Wrong Order On Works Cited Page Groups websites separately from books and articles. Alphabetizes all entries in one list by the first element of each citation.

Whenever you feel unsure about a border case, such as a web page that sits inside a larger platform or a site that blends blog posts and static pages, you can return to the MLA template of core elements. Identify the author, title, container, publisher, date, and location, then place them in the standard order.

Quick MLA Website Reference Checklist

Before you hand in a paper that cites websites, spend a minute walking through a simple checklist.
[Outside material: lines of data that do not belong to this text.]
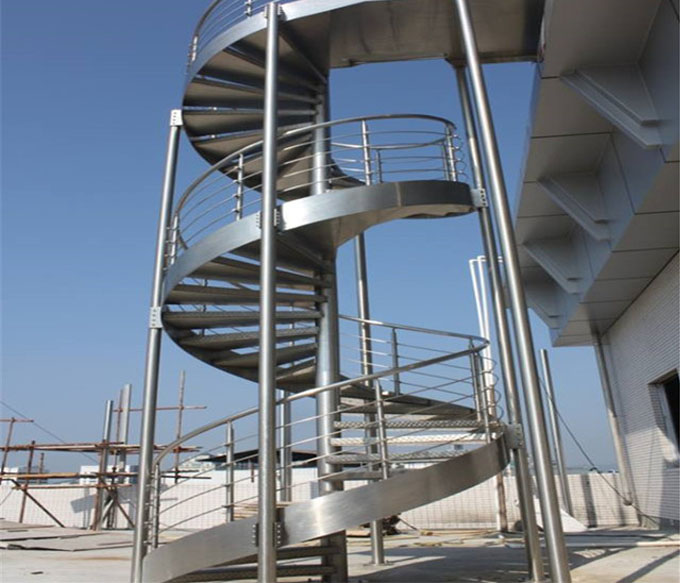 China factory supplier cast iron spiral stair used spiral staircases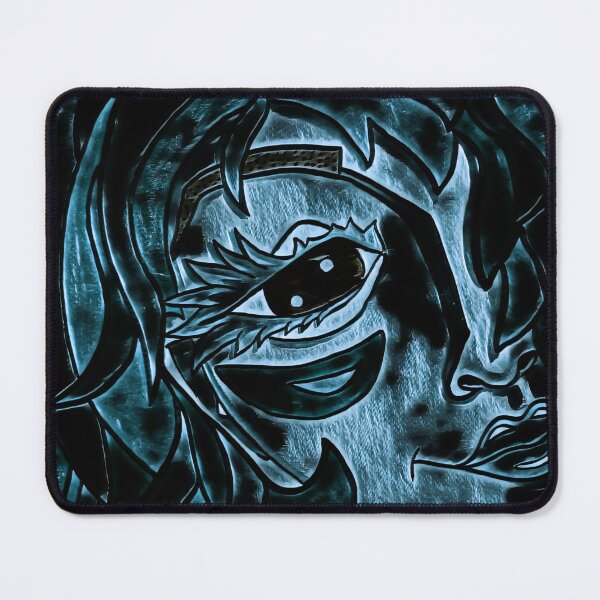 Item preview, Indigo Lady portrait, edited watercolour drawing designed and sold by MariDaniArt.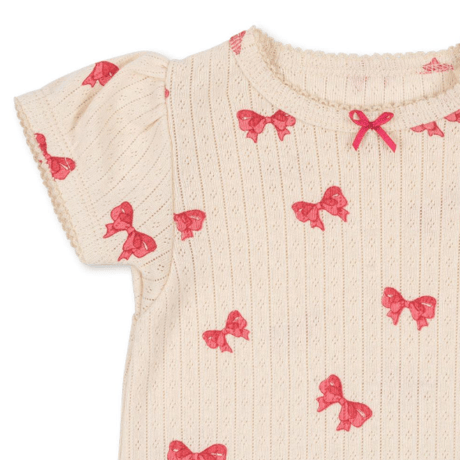 【Konges Sløjd】MINNIE PUFF SLEEVE BODY GOTS - ROSIA BOW
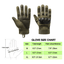 Tactical Military Airsoft Gloves for Outdoor Sports, Paintball, and Motorcycling with Touchscreen Fingertip Capability - Korvel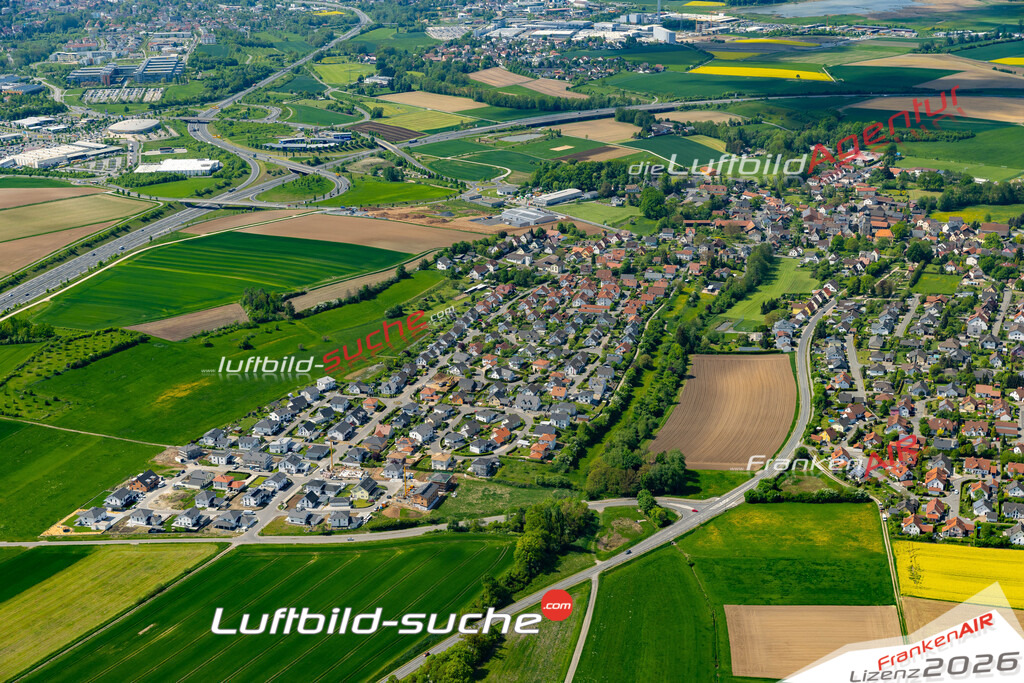 Die Luftaufnahme Unterlauter - Lautertal wurde 2022 vom Flugzeug aus (keine Drohne) erstellt. Hohe Auflösung -für große Poster und Wandbilder geeignet - Garantiert!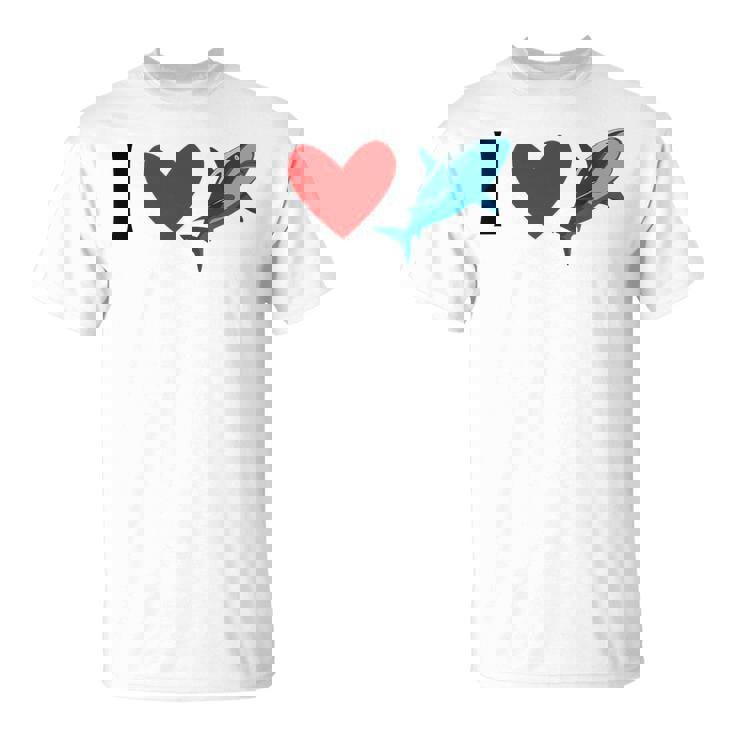 アイ・ラブ・シャークス Tシャツ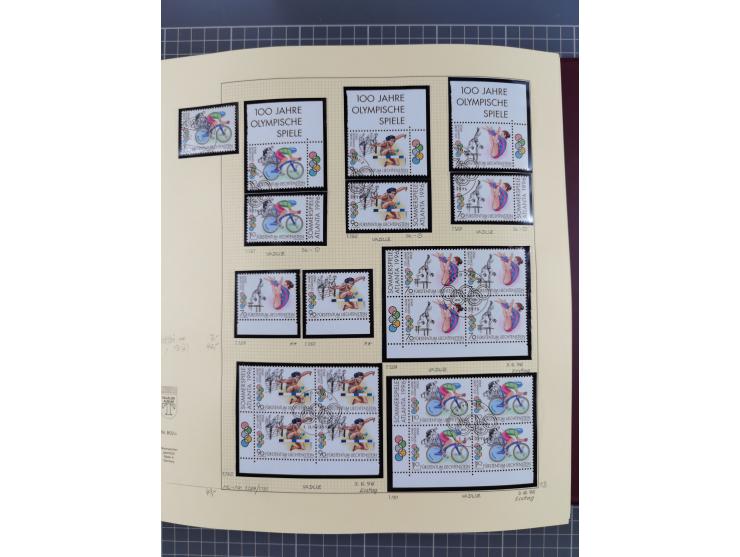 1996/2015, postfrische und gestempelte, in den Hauptnummern überkomplette Sammlung, in 18 Alben, fast alles in beiden Erhaltu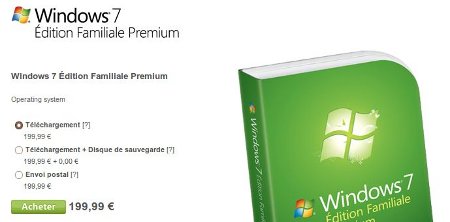 Windows 7 à 199 euros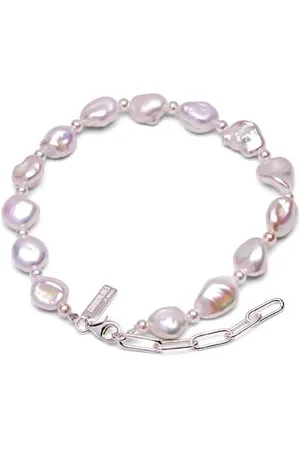 Common Lines Baroque Pearl Bracelet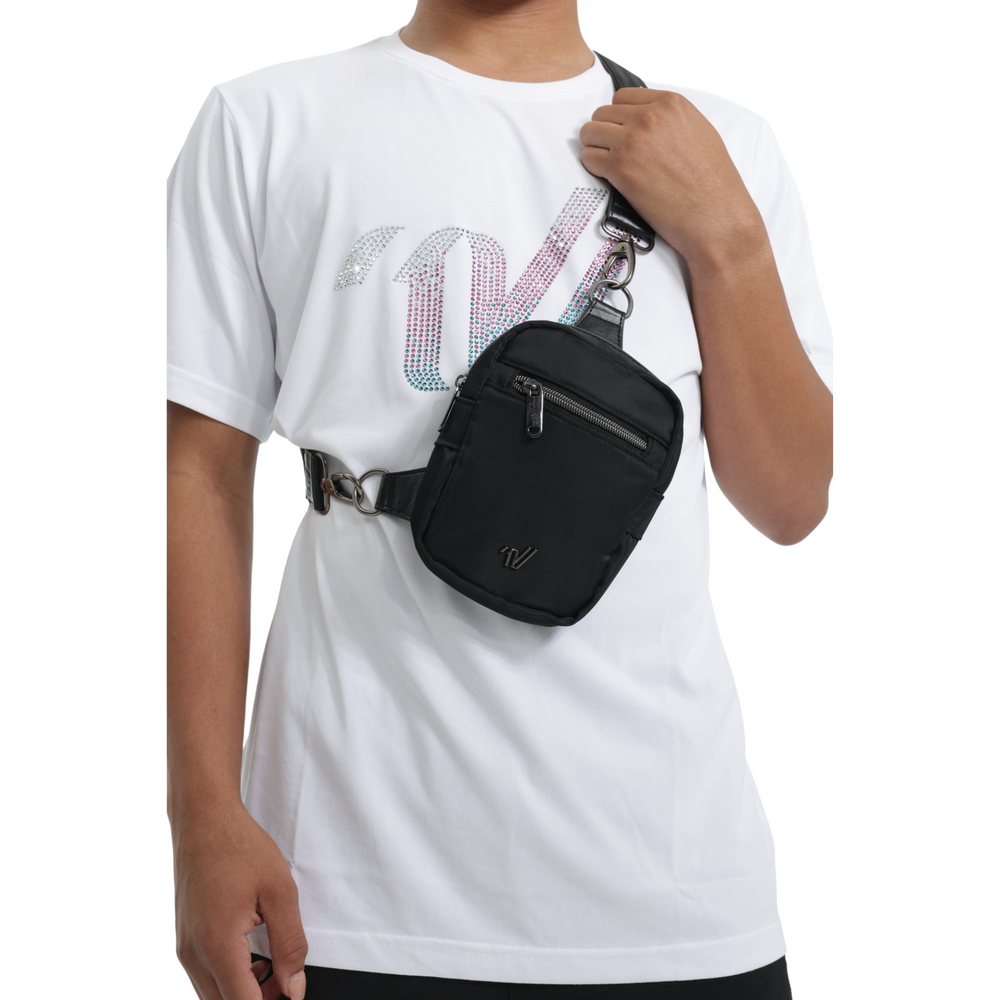 
                      
                        Varsity Nylon Black Crossover Bag
                      
                    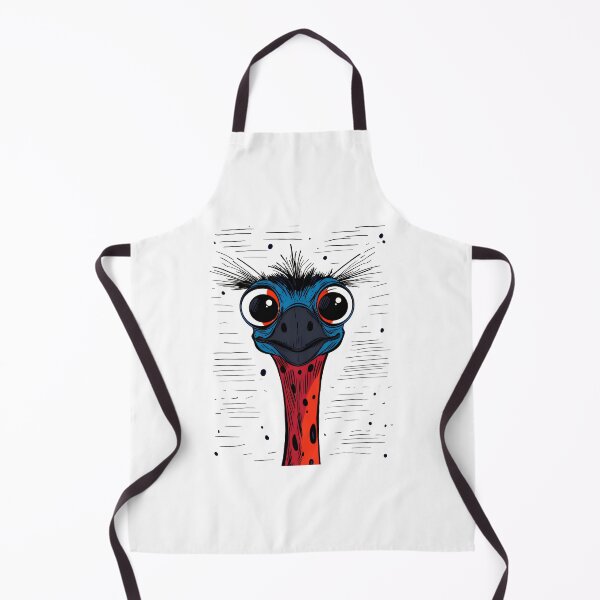 Item preview, Funny Ostrich with big eyes designed and sold by Creative-Flo.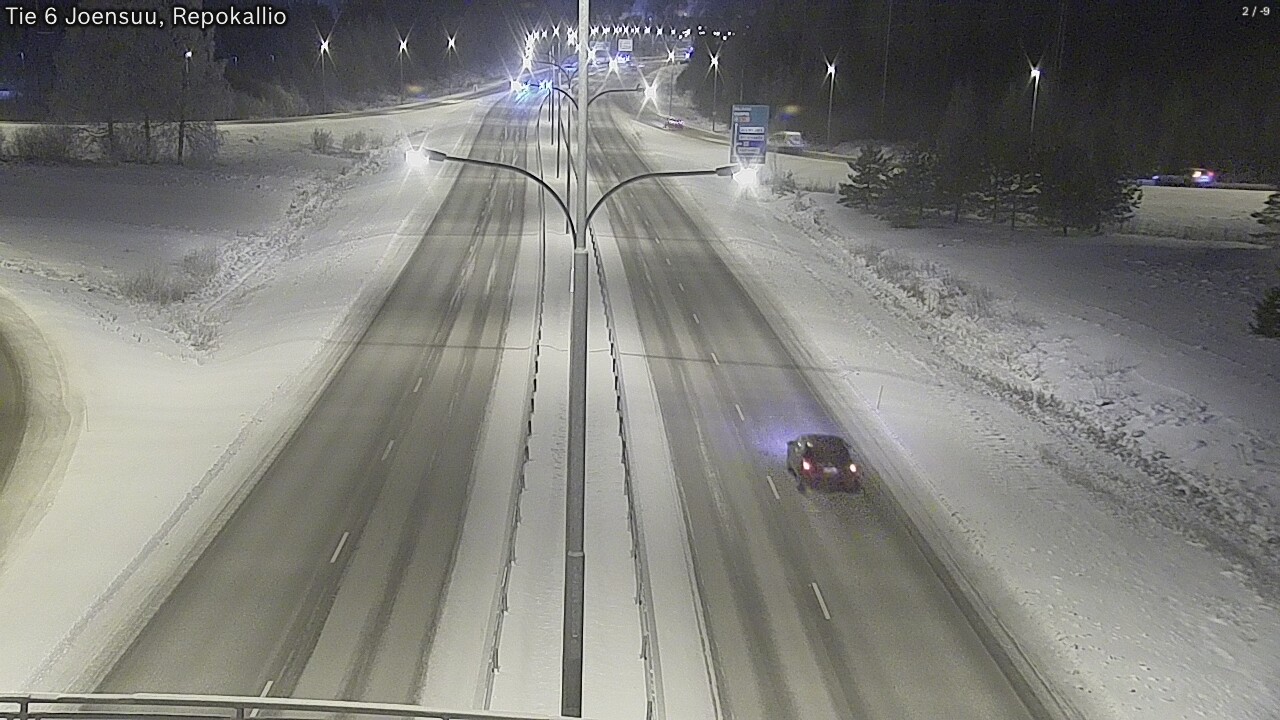 Kelikamerat Kuva Tie 6 Joensuu, Repokallio, Joensuu, Pohjois-Karjala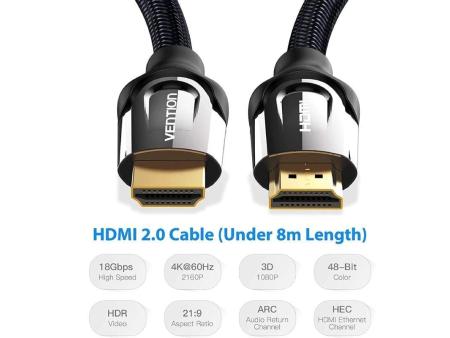 Cable HDMI 2.0 4K Vention VAA-B05-B075/ HDMI Macho - HDMI Macho/ 75cm/ Negro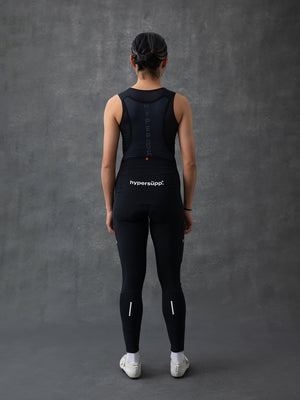 Women's Performance Deep Winter Long Bibs 0-10°C - Black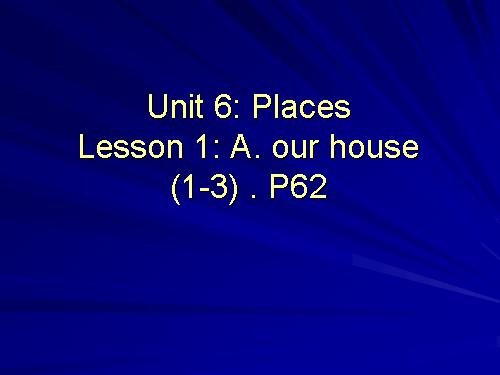 Unit 6. Places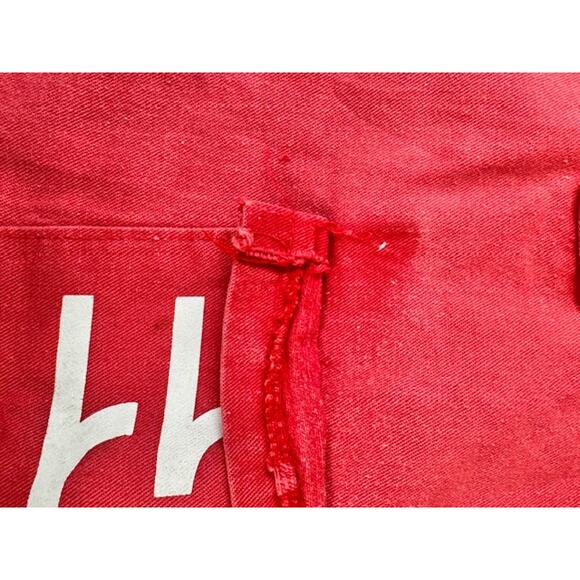 Vintage Esprit Canvas Tote Bag-Red - Picture 11 of 16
That quick review often catches small gaps and formatting slips that would otherwise cost marks or confuse readers.

Steps For A Clean MLA Website Citation

  • Confirm that every website you mention in your writing appears on the Works Cited page.
  • Check that each entry starts with either an author’s name or a page title, not a bare URL.
  • Make sure page titles sit in quotation marks and website names are in italics.
  • Look for a clear publication or update date on the page; include it when available.
  • Trim long URLs so they lead directly to the page without tracking codes.
  • Match each in-text citation to the first word of its Works Cited entry.
  • Add access dates when your instructor requests them or when a page lacks a firm date.

With practice, referencing websites in MLA format becomes a routine part of the writing process. Instead of wrestling with every new page, you lean on the same template, adjust it to match the details in front of you, and double-check those details against model entries from trusted MLA resources. That habit keeps your online sources clear, consistent, and easy for any reader to trace.